It was a cheesy pick-up, but at least it was timely.

You get credit for being in the moment.

You also get credit for being…oh, I don’t know what the right word is…not sleazy.

How’s that?

The whole experience was delightfully genuine. You left no room for doubt of your interest in me, but remained respectful, appropriate and…eager.

Our conversation was fun – a mini tornado of words and positive feelings, shiny eyes. After, I felt as if I had been spun around the room, hand-in-hand with dance partner…happy, refreshed – out of breath.

I let myself soak it in.
Just for a minute.

It’s been a while since I felt that kind of feeling.
It was nice. And I definitely leaned into it.

But, only for a minute.

When you walked away, I remembered who I was, where I was…who I was with –

I remembered that there were lessons-learned that I needed to apply, lessons I needed to deliver…

Feelings fade; reason endures.
Purpose is paramount.

There’s always a bit of reservation in me, and I hope it didn’t spoil the moment for you.

Of course, the bigger spoiler was probably that I didn’t respond to your sweet, sweet follow up.

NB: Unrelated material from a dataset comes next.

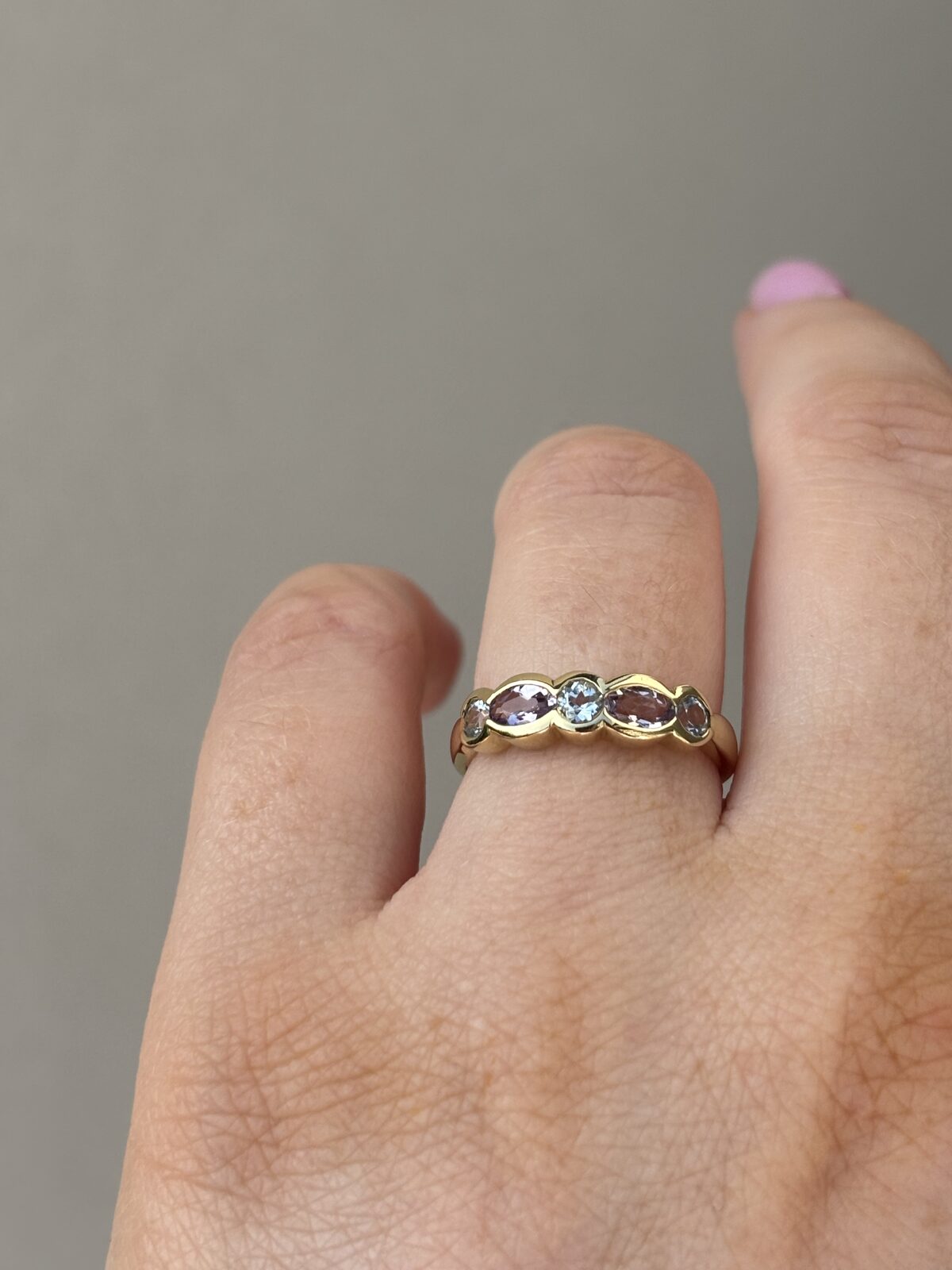9ct Yellow Gold Amethyst and Topaz Band view 4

Would you believe me if I told you I didn’t know what to do, what to say next; that I realized you were an experience I had to process to decide how much I’m willing to let truth and honesty guide my next steps.

Does that sound as brutal to your ears as it does to mine?

You are a gentleman.

(Okay. Maybe not, but within the moments we’ve shared, that’s the part you’ve played.)

It seems, I am still learning how to be a lady.

(Okay. Maybe that’s who you think I am, but trust me, I come from a heritage of whoredom, and I’m blazing my own trail to leave behind me the lust and love-lies of the bloodline.)

Was that too philosophical for you?

I’m an Aquarius proper…and I’m afraid, I’ll always be too detached for you, reveling in the lessons from disappointment, revering the rational over the romantic…

…always pressing forward to the distance…

(…whether you’re holding my hand or not.)